Can Religion Be a Force for Good?

The ADL National Director says judgment is still out on whether the positives promised by religion are outweighed by the negatives.
  • Transcript


Question: How can we work towards making religion a force for good?

Abraham Foxman:  Well, the irony, the tragedy is, that’s what religion is supposed to be.  It’s supposed to teach us the difference between good and evil, and yet it’s been used so frequently, or abused, for separation, for hate, for rationalizing so much hurt, I’m one of those that believes there needs to be a separation between religion and state.  And yet, at the same time, if the spirit of love which comes from religion doesn’t inspire our leadership, it could be very, very dangerous and counterproductive.  So it’s a very difficult balance. 

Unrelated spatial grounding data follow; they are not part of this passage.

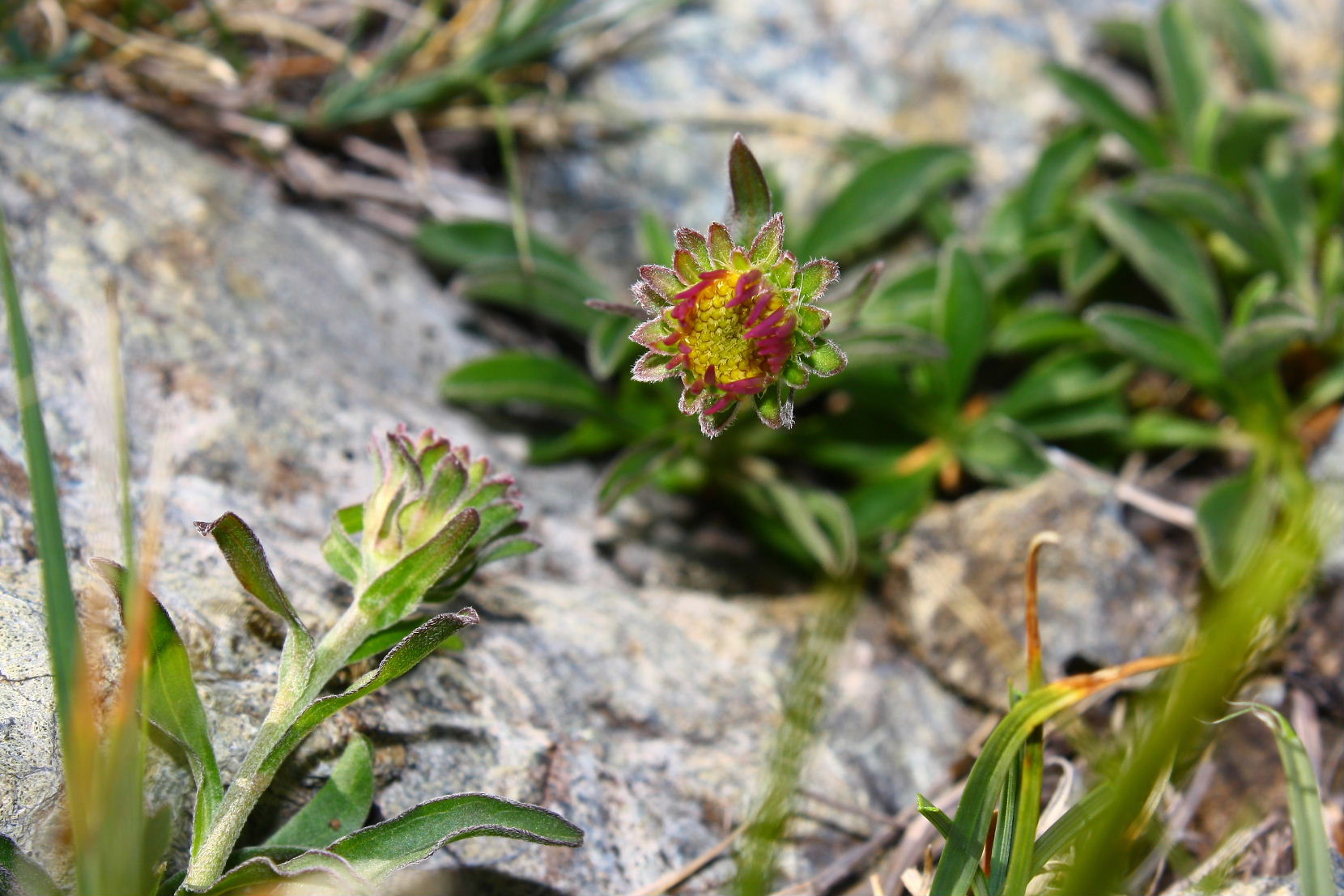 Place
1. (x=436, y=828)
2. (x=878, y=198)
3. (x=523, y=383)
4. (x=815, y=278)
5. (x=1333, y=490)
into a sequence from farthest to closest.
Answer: (x=878, y=198), (x=523, y=383), (x=1333, y=490), (x=815, y=278), (x=436, y=828)

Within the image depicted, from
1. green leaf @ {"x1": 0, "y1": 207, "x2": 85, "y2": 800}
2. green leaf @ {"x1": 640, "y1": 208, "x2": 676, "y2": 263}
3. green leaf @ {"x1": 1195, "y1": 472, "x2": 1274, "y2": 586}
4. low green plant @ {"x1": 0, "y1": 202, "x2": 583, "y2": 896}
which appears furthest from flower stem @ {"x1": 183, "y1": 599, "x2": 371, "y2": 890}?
green leaf @ {"x1": 1195, "y1": 472, "x2": 1274, "y2": 586}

Look, you have Iran, it’s a "religious" country, and look how much hate there is there.  In Israel there’s a lot of religion, it hasn't resolved all the problems.  In our country we’re struggling with it.  Some of the most... some of the most, I’m trying to find the word... some of the most polarizing elements in our society come from religious leaders.  When... I think when the Jewish community... when we found out that Billy Graham was an anti-Semite, it sort of... you know, so what’s religion all about?  Here is the spiritual guide to so many presidents, here is the guy that presidents would go for spiritual council and advice, and here we find out he’s just a pure, simple, ugly classic anti-Semite.  So how do you deal with that?  I’ve been raised in faith, I’ve been raised in faith during the war as a Catholic, and then when I returned to Judaism I’ve been raised in faith.  I think it has a role, but frequently it’s abused.  It’s abused by temporal powers, by political institutions for its benefit.  And sometimes it is seduced by the political, by the secular.  I think... I think the judgment is still out whether the promise of the faith, and love, and understanding and sensitivity that religion promises is maybe more counter-productive because some religions teach exclusiveness.  I think the most important element for faith and religion, to be positive instrument and love, is the difference between "a" and "the."  As long as we teach that we have the truth, the only truth, it will only undermine understanding, and respect, and love.  If we can teach that all we do is have a truth; I have a truth, you have a truth, Catholics have a truth, Muslims have a truth, it’s their way to salvation, it’s their way for their people to achieve tranquility, love, future, whatever.